▶ **ASSIGNED TASK**
Find "Uni. Prot topology" below and begin at its line; stop after the line with "Tabel 3 Hasil". Output those lines exactly, without pictures.

== Segment start ==

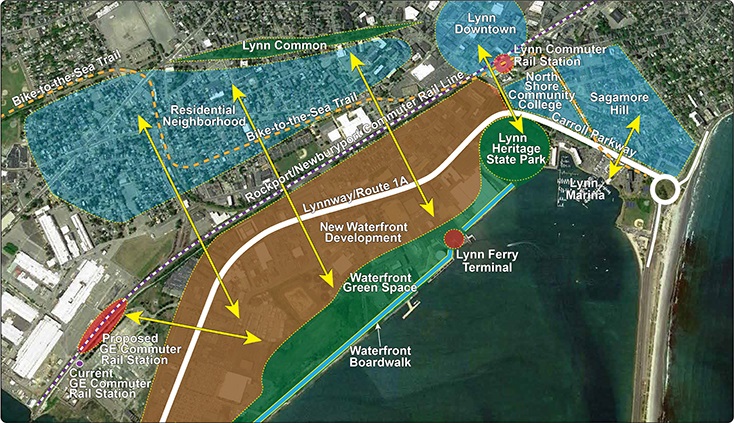 Aerial view of study area of the Route 1A/Lynnway/Carroll Parkway Study showing waterfront with arrows indicating the difficulty of access because of Route 1. 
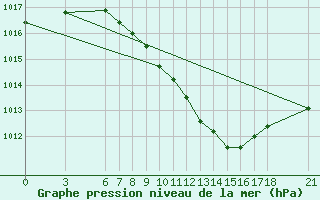 Courbe de la pression atmosphrique pour Corum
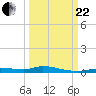 Tide chart for Ozello, Florida on 2023/09/22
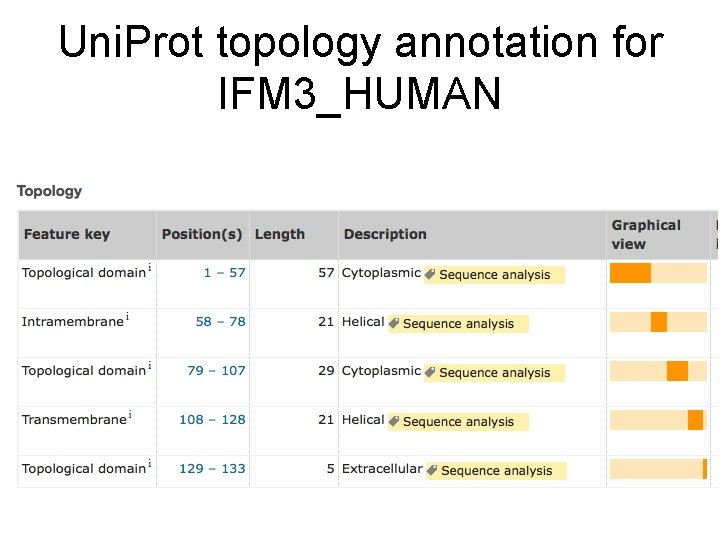 Uni. Prot topology annotation for IFM 3_HUMAN 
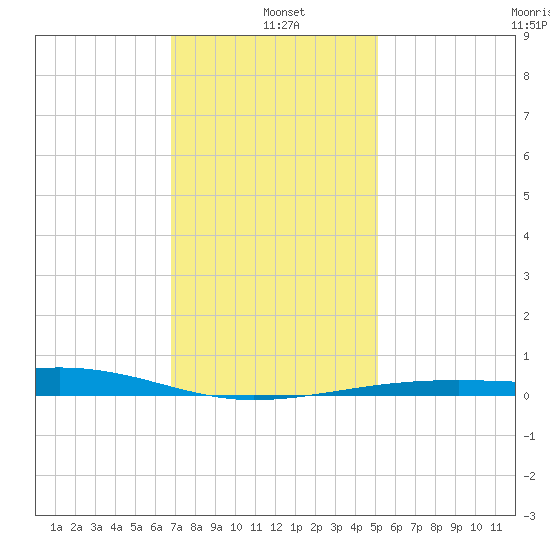 Bayou La Batre tide chart for Tuesday, January 5, 2021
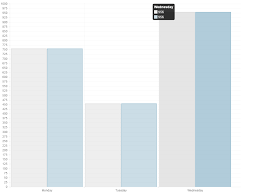 Grouped Bar Chart Chartjs Stack Overflow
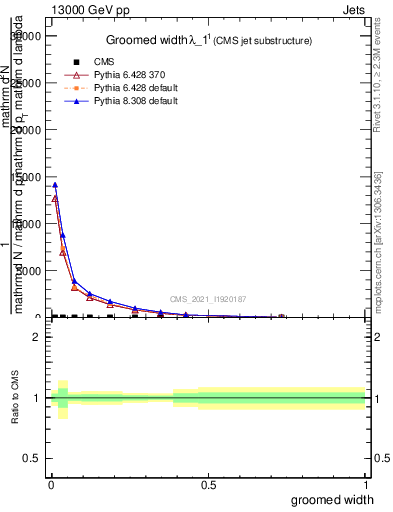 Plot of j.width.g in 13000 GeV pp collisions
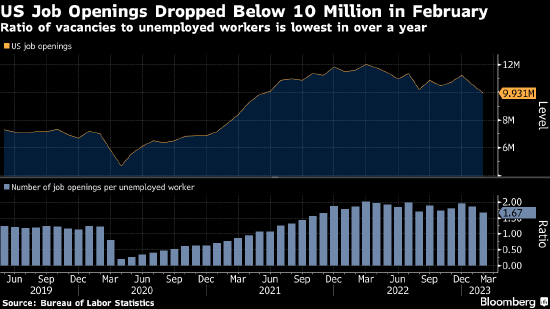 美国职位空缺数自2021年以来首次降至1000万以下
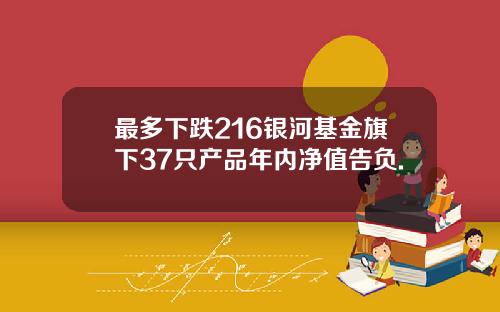 最多下跌216银河基金旗下37只产品年内净值告负.
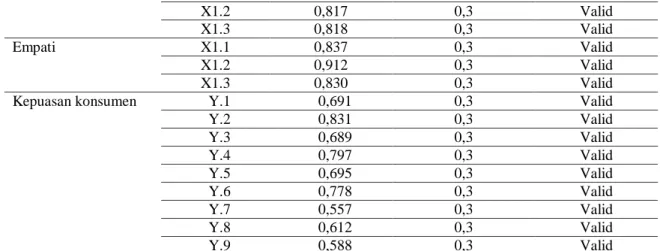 Tabel 3 Hasil Uji Reliabilitas Variabel Penelitian 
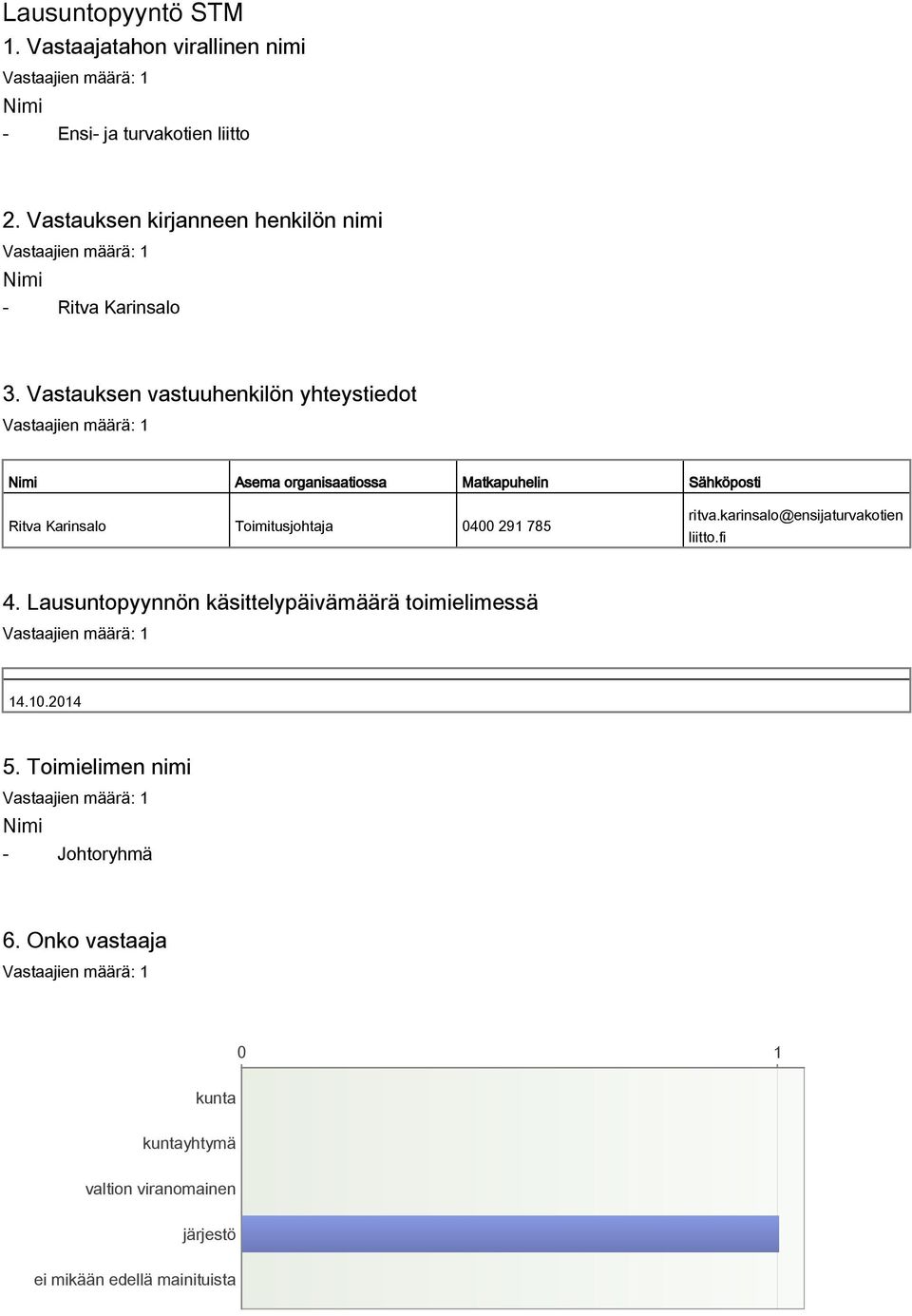 Vastauksen vastuuhenkilön yhteystiedot Nimi Asema organisaatiossa Matkapuhelin Sähköposti Ritva Karinsalo Toimitusjohtaja 0400 291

== Segment end ==

▶ **WRITTEN ANSWER**
 Uni. Prot topology annotation for IFM 3_HUMAN 
 Bayou La Batre tide chart for Tuesday, January 5, 2021
 Grouped Bar Chart Chartjs Stack Overflow
 Plot of j.width.g in 13000 GeV pp collisions
 美国职位空缺数自2021年以来首次降至1000万以下
 最多下跌216银河基金旗下37只产品年内净值告负.
 Tabel 3 Hasil Uji Reliabilitas Variabel Penelitian 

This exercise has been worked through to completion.